Antisemitism, in particular, has re-emerged in this context with disturbing speed. Anachronistic conspiracy theories, which have characterized the successes of the Jewish community as evidence of something sinister, have been repackaged for the digital age.

Ethnic, religious, or cultural identity politics are not an antidote to progressive excess; it is a second-rate imitation of it.

Now the Canadian Right faces a choice. It can follow global trends of polemical discourse being framed by resentment and identity extremism, or it can reclaim the principles that once allowed society to flourish.

Comments (10)

D.Gooch
26 Jan 2026 @ 7:38 am

“These ideas [of the new online Right] are no longer confined to the fringes; increasingly, they are being spread casually, defended reflexively, and absorbed by a generation searching for answers in an ecosystem of short, context-free clips and algorithmically amplified outrage.”
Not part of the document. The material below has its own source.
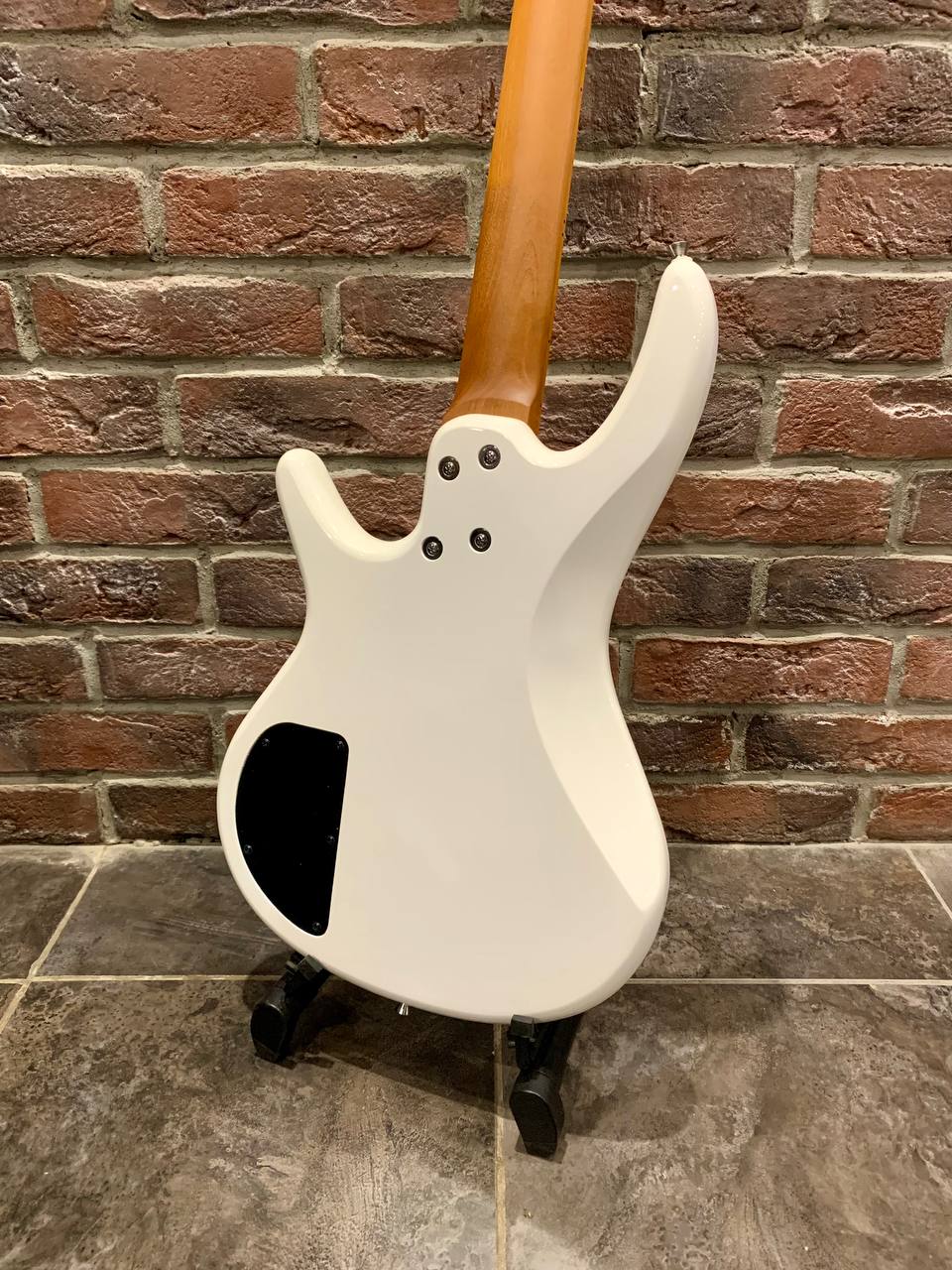 Бас Гитара BT-4 White Snow (Обожженный Клен) - изображение 2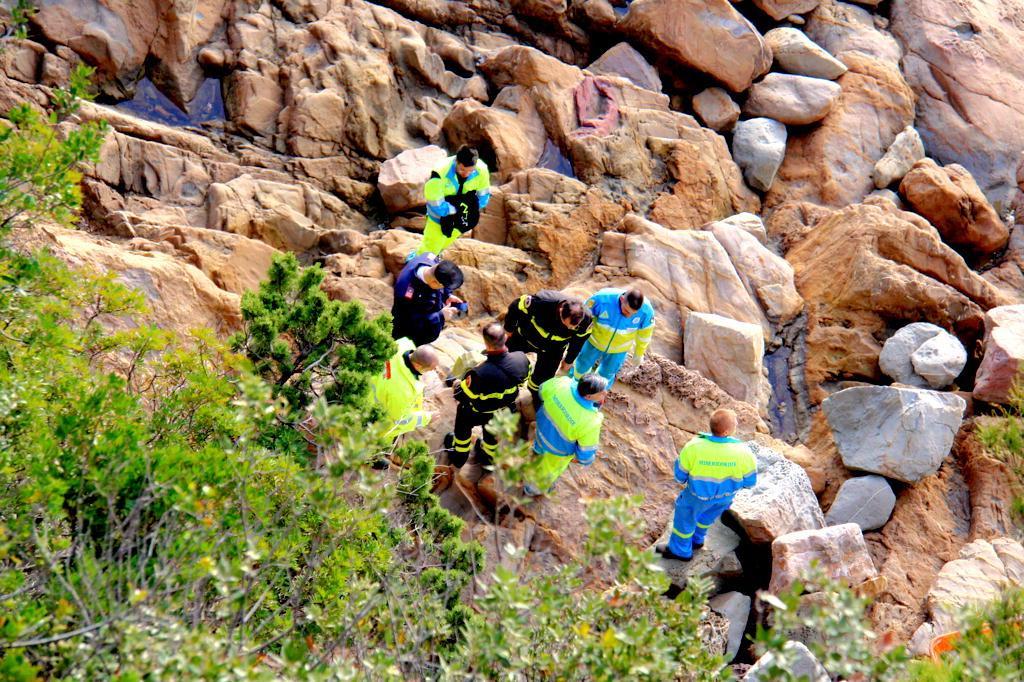 I volontari della Misericordia e i carabinieri durante le operazioni di recupero della salma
Are we sure this is “no longer confined to the fringes” on the right?

To be clear, the far-right antisemitism that shows up online, much of it coming from prominent American influencers, is real, ugly, and worth taking seriously. It should be challenged.

But I am not seeing anything comparable taking hold in mainstream conservative parties, leaders, or institutions, particularly in the Canadian context. That does not mean it does not exist, but it does not appear embedded or normalized in the way the quoted passage suggests.

What I am seeing is antisemitism on the left in Canada that is no longer plausibly described as fringe. Over the past two years it has become openly visible and increasingly entrenched within political parties, labour unions, academia, public schools, and other public institutions. It is tolerated, rationalized, and often treated as an acceptable form of political expression.

And when this is raised, my left-leaning friends often retreat to a “there are bad people on all sides” argument by pointing to people like Fuentes and Owen. That reads less as a serious concern than as a way to deflect from the antisemitism, and the tolerance of it, within the political movements and leaders they have supported for the past two years.